L’orbita descrittiva è in parte delineata dalla mostra “BELLE PAROLE. Poesia visiva e altre storie tra arte e letteratura”, ospitata fino al 28 giugno 2014 presso la Galleria Carifano - Palazzo Corbelli, via Arco d’Augusto, 47.

                                                                  

Il curatore della retrospettiva, Valerio Dehò, svela a InfoOggi le coordinate da seguire.

La mostra “BELLE PAROLE. Poesia visiva e altre storie tra arte e letteratura” offre importanti e inediti spunti di riflessione, dal potere dell’immagine e/o della parola, alla portata sovversiva nei riguardi della cultura di massa. Quale aspetto l’ha spinta maggiormente a curare il presente progetto espositivo?
La storia, la passione per mettere in evidenza delle grandi avanguardie artistiche messe in secondo piano solo dal mercato. Tutto il Novecento è inscritto nel rapporto tra la parola e l’immagine, da Mallarmé e del suo “Coup de des” in avanti. Passando per il Futurismo, la Poesia concreta, Visiva, Cy Twombly fino ad oggi. Questa è l’eredità che portiamo ed è stata una rivoluzione silenziosa perché puntava a far prendere coscienza il pubblico di come cambiava la comunicazione. Si trattava di affinare le armi contro la pubblicità e l’uso servile al potere dei linguaggi.

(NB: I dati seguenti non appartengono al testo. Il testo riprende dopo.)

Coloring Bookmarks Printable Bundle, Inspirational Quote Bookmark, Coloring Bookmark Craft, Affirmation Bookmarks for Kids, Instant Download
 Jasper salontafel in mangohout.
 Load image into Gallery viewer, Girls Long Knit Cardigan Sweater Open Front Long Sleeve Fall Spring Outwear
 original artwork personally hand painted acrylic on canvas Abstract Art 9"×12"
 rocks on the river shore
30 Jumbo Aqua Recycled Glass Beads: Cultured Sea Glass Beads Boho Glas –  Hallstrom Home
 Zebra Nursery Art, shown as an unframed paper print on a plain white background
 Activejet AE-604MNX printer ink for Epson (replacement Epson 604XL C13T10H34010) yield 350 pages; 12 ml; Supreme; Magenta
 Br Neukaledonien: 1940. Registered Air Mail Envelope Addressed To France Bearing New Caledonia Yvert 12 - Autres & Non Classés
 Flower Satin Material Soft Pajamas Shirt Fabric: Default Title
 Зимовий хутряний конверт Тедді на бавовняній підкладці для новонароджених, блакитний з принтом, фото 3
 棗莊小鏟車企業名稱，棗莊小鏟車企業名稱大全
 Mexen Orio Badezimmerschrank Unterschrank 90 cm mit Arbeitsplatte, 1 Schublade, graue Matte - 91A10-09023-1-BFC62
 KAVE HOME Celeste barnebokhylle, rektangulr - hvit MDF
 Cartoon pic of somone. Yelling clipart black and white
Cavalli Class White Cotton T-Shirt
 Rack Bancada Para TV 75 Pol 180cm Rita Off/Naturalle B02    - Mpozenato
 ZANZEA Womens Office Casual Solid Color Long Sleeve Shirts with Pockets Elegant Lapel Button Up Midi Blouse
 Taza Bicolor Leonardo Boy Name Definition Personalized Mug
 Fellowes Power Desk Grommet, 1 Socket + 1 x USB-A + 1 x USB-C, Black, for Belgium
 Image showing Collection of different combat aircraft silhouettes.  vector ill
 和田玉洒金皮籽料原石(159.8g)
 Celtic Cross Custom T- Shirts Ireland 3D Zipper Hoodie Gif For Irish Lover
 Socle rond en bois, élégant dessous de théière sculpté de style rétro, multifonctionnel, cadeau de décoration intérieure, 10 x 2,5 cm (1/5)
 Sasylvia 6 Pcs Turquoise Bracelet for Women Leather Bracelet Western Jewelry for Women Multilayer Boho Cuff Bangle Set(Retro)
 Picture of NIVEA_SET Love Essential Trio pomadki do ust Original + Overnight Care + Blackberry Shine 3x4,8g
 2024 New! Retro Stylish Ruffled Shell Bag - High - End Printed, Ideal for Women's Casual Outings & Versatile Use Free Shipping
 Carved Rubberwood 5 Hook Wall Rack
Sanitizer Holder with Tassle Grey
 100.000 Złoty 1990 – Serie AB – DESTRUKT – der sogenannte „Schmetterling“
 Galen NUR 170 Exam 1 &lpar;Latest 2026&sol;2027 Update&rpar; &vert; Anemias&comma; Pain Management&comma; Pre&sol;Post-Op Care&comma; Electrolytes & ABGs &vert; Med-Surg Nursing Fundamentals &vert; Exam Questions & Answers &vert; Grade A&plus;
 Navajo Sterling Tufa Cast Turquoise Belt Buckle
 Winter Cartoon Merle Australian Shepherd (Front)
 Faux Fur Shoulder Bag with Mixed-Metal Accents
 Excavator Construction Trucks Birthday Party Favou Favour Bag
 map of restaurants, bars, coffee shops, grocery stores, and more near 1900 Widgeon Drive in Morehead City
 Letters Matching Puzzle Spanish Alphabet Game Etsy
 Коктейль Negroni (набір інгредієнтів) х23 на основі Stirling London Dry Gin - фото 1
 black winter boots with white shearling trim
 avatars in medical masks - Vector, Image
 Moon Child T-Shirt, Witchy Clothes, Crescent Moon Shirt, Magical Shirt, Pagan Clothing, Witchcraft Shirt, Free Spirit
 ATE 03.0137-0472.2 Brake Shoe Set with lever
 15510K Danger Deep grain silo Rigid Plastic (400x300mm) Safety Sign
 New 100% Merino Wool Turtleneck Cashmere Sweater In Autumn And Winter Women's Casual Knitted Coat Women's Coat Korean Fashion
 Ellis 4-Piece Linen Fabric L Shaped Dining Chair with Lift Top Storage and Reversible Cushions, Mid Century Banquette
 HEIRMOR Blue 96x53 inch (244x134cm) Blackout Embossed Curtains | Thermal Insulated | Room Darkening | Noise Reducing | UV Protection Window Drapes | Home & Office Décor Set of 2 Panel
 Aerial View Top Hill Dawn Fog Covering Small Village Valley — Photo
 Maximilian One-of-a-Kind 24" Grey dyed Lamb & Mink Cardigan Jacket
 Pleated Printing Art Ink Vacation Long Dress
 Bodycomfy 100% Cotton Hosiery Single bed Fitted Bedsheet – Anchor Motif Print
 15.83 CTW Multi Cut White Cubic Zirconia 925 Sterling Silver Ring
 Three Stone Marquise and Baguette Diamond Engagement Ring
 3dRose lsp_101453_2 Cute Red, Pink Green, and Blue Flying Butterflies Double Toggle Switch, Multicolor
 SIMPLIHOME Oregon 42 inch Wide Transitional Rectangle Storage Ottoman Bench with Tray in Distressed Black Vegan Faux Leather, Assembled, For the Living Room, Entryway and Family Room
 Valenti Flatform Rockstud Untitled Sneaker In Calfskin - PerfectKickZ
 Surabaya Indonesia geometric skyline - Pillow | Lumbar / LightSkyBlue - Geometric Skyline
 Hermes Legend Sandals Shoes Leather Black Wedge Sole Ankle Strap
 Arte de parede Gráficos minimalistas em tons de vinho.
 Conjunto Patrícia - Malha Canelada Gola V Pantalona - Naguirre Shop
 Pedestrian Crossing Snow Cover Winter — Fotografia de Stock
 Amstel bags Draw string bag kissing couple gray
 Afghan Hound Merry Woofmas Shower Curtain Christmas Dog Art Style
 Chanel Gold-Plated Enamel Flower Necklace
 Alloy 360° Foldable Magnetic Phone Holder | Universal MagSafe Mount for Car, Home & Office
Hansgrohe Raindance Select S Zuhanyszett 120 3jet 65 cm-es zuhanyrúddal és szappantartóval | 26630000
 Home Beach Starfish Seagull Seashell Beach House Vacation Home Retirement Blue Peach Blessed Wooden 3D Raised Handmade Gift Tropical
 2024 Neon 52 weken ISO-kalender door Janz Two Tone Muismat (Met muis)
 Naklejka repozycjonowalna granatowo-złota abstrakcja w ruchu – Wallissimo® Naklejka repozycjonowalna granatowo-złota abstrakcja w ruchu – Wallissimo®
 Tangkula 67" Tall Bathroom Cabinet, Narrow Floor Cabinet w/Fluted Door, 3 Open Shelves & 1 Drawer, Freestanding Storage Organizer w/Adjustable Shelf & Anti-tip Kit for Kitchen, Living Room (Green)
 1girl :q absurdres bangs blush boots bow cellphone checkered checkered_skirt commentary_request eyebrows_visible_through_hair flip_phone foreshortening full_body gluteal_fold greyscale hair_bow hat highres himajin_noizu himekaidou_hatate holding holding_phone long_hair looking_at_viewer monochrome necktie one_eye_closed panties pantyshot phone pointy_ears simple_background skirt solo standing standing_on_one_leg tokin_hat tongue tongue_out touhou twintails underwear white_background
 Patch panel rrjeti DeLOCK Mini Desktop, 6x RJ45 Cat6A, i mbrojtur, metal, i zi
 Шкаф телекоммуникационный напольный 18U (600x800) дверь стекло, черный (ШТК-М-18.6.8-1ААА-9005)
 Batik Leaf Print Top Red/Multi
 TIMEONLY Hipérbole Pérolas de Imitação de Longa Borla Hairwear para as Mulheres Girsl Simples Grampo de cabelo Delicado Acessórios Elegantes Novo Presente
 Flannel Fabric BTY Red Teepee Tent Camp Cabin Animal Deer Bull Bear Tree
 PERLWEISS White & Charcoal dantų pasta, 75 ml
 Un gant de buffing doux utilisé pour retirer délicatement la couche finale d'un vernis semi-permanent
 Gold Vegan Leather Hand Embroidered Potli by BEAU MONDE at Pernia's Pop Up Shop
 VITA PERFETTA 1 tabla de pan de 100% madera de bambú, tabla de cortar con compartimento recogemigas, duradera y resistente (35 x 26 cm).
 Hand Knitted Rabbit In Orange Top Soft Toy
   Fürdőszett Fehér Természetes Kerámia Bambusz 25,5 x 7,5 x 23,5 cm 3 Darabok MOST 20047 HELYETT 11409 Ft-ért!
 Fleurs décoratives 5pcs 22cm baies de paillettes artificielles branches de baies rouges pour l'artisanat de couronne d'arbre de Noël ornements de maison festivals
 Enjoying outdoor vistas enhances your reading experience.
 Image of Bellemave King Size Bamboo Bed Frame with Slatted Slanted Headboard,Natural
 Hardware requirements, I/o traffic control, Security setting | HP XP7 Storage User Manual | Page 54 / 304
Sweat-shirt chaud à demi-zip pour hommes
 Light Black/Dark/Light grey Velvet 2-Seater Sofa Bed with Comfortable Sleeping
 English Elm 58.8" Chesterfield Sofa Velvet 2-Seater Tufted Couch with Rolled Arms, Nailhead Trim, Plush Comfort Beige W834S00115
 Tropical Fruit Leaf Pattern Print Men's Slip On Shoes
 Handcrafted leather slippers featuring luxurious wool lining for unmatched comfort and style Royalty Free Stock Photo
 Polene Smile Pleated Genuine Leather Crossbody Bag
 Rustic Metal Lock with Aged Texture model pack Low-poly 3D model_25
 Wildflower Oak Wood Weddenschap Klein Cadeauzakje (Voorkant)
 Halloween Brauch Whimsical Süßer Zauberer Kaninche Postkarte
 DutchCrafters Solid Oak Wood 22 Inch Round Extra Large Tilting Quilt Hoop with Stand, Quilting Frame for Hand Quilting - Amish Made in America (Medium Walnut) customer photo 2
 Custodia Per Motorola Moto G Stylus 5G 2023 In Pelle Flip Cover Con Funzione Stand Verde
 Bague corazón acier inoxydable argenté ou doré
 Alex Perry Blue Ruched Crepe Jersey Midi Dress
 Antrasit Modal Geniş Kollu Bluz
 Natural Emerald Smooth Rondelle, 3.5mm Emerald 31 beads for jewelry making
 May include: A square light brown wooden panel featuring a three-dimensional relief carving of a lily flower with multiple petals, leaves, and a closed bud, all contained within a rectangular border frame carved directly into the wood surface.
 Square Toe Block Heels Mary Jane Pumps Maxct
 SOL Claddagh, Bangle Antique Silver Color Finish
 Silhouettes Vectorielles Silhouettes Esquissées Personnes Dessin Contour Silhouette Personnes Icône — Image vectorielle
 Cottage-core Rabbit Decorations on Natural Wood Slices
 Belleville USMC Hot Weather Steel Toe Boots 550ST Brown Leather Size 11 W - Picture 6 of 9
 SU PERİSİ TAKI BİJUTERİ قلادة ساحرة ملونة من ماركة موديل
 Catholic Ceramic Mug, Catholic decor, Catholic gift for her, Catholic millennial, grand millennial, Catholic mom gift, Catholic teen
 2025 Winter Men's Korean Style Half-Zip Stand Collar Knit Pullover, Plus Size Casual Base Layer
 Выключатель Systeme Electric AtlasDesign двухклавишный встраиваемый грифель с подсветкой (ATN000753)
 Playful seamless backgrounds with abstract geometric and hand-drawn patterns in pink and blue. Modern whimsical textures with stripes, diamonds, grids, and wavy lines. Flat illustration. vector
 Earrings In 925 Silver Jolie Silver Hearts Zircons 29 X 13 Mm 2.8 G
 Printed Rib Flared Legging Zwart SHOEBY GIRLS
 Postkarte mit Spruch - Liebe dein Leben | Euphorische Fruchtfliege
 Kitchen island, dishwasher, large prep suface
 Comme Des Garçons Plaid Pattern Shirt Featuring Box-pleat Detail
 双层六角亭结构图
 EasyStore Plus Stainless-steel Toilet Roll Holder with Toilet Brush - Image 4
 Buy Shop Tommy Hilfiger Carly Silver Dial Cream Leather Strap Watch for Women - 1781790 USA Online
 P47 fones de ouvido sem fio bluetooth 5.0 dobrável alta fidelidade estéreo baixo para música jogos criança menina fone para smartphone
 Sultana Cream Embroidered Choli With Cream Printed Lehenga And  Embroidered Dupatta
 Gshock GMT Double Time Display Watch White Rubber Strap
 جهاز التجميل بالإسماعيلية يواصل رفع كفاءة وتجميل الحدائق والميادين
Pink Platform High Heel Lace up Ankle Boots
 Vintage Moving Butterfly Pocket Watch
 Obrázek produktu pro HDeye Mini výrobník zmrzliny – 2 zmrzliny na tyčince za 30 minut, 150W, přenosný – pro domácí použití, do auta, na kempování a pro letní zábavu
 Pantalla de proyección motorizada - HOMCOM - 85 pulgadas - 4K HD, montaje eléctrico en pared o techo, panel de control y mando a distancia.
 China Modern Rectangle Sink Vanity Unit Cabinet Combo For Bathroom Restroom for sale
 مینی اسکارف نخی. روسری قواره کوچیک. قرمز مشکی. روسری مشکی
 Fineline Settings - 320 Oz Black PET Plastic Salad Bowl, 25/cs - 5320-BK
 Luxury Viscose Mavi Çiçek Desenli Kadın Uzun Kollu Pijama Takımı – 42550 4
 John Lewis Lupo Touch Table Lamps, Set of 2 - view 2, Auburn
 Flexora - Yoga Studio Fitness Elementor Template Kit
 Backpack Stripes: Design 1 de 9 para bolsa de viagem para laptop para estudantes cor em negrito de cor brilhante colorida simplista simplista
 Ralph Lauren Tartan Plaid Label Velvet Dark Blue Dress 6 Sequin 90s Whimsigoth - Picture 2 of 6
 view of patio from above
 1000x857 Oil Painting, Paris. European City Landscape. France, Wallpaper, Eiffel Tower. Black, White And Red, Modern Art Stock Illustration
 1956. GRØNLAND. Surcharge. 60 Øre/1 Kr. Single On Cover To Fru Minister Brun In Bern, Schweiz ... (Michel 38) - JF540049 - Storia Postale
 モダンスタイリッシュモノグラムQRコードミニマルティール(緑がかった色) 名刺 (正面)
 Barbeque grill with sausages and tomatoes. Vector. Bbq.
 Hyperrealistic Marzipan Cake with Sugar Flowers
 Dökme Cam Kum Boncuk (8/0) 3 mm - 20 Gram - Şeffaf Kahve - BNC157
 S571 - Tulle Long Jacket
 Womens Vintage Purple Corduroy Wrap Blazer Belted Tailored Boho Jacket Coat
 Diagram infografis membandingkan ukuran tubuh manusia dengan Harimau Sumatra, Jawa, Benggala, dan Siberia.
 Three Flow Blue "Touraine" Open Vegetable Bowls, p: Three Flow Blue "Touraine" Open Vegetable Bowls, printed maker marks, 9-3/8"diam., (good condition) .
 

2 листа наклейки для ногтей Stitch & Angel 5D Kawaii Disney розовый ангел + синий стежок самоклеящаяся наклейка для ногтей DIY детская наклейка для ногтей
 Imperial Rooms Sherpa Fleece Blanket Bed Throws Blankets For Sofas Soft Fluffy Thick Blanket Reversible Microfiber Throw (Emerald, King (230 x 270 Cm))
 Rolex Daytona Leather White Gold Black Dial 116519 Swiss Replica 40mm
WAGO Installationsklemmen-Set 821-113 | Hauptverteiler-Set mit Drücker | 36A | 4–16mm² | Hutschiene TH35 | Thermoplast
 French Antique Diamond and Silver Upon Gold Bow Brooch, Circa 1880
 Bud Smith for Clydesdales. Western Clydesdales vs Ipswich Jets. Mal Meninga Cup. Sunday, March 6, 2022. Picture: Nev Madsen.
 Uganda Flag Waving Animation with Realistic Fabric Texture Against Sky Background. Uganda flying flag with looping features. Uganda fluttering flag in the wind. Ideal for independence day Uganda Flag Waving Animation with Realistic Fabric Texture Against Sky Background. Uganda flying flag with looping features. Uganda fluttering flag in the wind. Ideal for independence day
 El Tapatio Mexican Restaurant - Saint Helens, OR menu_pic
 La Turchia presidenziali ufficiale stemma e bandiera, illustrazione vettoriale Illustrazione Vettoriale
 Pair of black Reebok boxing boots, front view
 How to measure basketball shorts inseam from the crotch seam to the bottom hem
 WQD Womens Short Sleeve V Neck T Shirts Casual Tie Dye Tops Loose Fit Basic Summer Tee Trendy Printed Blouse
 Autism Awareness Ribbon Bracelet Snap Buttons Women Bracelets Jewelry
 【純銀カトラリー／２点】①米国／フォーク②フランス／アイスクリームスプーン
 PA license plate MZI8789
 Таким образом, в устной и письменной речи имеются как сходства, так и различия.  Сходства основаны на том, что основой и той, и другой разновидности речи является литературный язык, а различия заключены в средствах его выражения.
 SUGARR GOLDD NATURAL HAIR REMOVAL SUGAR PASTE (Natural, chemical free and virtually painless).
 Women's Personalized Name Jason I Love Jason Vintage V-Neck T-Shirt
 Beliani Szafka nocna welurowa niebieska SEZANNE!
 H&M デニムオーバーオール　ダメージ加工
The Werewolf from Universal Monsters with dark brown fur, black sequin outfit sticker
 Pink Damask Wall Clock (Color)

L’equazione arte-vita-poesia accomuna tutte le avanguardie storiche. Nel panorama artistico contemporaneo è ancora valido il concetto di proporzionalità ad essa sotteso?
Sempre perché questa è l’arte e non ci sono altri modelli. Oggi ci sono più spinte legate al marketing e al business. Questi sono i tempi e non vale la pena scandalizzarsi, bisogna viverci accanto.[MORE]

Quale equilibrio nel rapporto tra significato e significante nel corpo della poesia visiva?
Il significante più libero possibile come catalizzatore di molteplici significati. La macchina semiotica dell’arte riduce i significanti e aumenta i significati.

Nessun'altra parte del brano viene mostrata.